Zabidi mengatakan, pelatihan tersebut diharapkan membuat perusahaan perekrut bisa lebih memahami terkait hak dan kewajiban ABK.
“Agar tidak ada yang namanya kerja paksa, atau pelanggaran HAM (hak asasi manusia) di atas kapal. Tujuan dari pemilik kapal FCF antusias agar perekrutan berjalan dengan baik. Sehingga ABK terlindungi,”kata Zabidi.
Ia mengatakan, kasus ekspolitasi ABK Indonesia yang bekerja di kapal berbendera asing masih sering terjadi.
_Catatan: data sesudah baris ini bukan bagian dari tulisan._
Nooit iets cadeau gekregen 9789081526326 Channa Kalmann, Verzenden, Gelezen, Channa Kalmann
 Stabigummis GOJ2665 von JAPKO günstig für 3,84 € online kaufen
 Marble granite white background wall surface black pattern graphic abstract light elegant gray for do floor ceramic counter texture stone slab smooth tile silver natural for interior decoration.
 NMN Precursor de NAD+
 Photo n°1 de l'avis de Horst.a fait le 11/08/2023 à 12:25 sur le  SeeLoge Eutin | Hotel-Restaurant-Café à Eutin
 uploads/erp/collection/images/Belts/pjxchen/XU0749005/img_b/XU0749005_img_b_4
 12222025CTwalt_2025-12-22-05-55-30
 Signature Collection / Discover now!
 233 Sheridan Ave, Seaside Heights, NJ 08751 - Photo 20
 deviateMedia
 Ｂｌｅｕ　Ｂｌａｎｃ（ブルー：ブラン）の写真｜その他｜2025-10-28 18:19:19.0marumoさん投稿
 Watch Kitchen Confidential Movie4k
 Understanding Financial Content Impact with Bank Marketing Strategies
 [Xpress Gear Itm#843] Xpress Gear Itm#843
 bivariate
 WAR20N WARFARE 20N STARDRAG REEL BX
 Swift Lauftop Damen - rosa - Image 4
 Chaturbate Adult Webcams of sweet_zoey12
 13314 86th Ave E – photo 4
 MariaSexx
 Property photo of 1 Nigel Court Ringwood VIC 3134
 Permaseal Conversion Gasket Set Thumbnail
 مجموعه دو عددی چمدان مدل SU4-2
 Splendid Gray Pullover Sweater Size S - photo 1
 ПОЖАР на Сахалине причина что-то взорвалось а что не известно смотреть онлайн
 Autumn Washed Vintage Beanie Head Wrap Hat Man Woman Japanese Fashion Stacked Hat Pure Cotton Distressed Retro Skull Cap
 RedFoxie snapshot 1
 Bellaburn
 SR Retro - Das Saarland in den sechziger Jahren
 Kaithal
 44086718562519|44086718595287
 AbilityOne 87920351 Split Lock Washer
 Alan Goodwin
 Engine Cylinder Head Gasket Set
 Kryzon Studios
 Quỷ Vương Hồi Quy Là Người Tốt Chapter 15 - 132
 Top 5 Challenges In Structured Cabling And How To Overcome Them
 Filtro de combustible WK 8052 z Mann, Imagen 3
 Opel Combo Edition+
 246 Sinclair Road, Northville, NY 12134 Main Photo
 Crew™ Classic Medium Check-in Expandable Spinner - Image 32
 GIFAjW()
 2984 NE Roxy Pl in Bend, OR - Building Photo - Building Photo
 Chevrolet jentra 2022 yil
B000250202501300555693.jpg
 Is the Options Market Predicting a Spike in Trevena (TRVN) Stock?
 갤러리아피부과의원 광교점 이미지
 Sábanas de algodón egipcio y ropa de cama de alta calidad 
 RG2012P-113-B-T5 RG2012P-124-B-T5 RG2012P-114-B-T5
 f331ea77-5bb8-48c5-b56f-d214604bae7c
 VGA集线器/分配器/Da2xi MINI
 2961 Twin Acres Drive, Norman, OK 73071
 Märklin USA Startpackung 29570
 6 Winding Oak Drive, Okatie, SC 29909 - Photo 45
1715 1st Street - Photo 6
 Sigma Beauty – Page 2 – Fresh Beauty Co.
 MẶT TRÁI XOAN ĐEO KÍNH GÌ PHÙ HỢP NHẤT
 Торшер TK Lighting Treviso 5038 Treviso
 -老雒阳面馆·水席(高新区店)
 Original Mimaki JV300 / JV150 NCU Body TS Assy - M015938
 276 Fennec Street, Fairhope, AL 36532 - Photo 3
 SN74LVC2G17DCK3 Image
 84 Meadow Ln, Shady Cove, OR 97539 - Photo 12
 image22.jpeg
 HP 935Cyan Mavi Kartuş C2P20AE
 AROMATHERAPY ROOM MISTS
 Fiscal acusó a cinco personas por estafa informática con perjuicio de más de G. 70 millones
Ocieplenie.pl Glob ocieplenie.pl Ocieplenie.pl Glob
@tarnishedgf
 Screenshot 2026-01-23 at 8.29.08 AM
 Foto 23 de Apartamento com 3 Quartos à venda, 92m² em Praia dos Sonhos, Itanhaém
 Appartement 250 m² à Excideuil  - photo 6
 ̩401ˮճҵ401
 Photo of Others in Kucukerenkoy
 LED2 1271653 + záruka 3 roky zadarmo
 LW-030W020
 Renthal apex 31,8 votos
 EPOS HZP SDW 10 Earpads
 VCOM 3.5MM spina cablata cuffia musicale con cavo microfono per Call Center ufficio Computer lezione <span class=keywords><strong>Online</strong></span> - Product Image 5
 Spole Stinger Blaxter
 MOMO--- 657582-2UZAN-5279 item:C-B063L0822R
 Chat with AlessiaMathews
“Baik itu pemotongan gaji, human traficking, maupun kekerasan di atas kapal. Jadi tujuan kegiatan ini mengedukasi para perusahaan yang menempatkan ABK di kapal asing agar mengedepankan HAM,”kata Zabidi.
Zabidi mengaku pihaknya kerap mengadvokasi kasus tersebut. Setidaknya sudah ada 7.800 ABK yang bernaung di INFISA hingga tahun 2022.
“Sejauh ini kami mengadvokasi dari hulu sampai hilir. Misal apakah permasalahannya di perusahaan penyalur di Indonesia, atau kantor Taiwan, atau pemilik kapal asing itu sendiri,” kata Zabidi.
Konsultan Hukum INFISA, Adi Gunawan,SH menambahkan, kegiatan workshop agar dalam proses perekrutan dan penyaluran ABK oleh perusahaan bisa tertib secara hukum.